▸ What the exercise asks
Without changing a word, return the listing below, minus its images.

▸ Source data

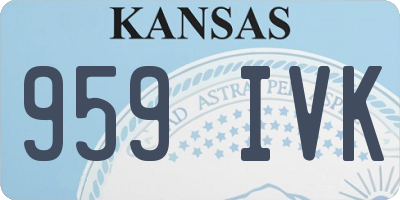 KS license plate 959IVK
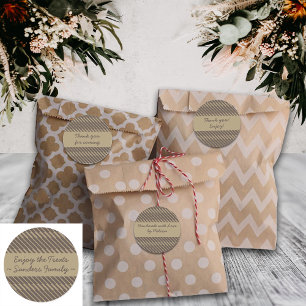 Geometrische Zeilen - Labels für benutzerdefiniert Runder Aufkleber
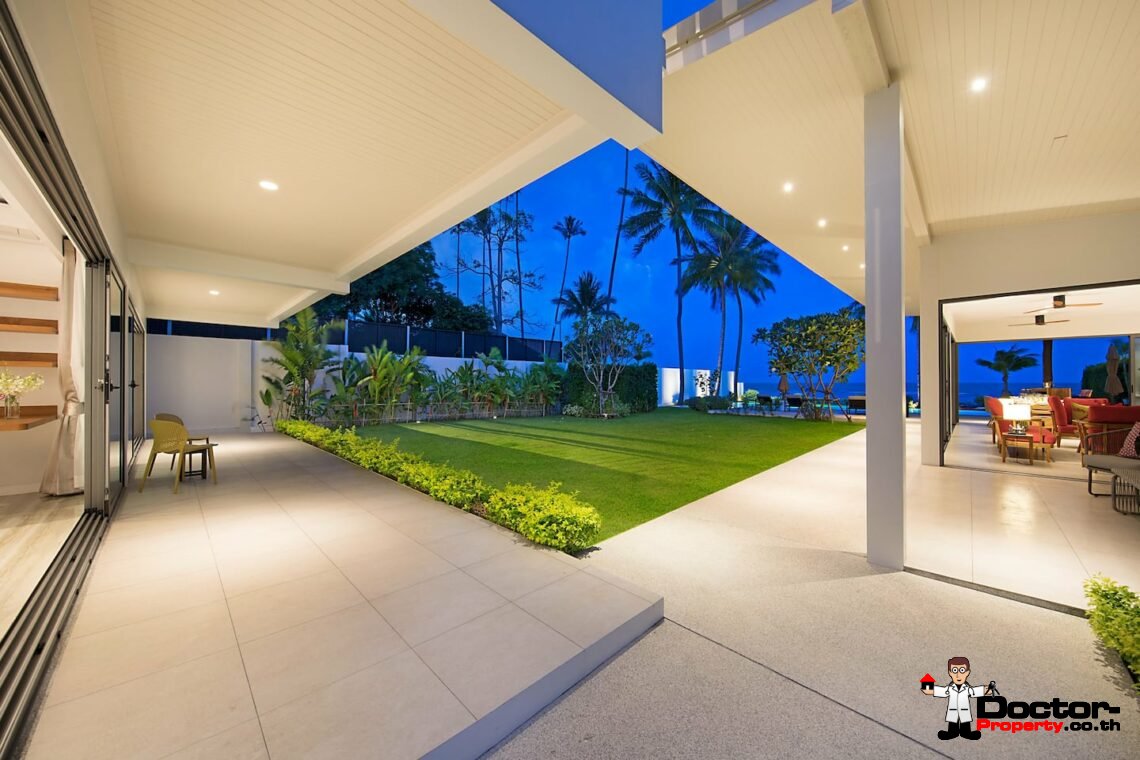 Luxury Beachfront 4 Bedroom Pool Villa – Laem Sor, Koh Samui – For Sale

▸ Written answer
 KS license plate 959IVK
 Geometrische Zeilen - Labels für benutzerdefiniert Runder Aufkleber
 Luxury Beachfront 4 Bedroom Pool Villa – Laem Sor, Koh Samui – For Sale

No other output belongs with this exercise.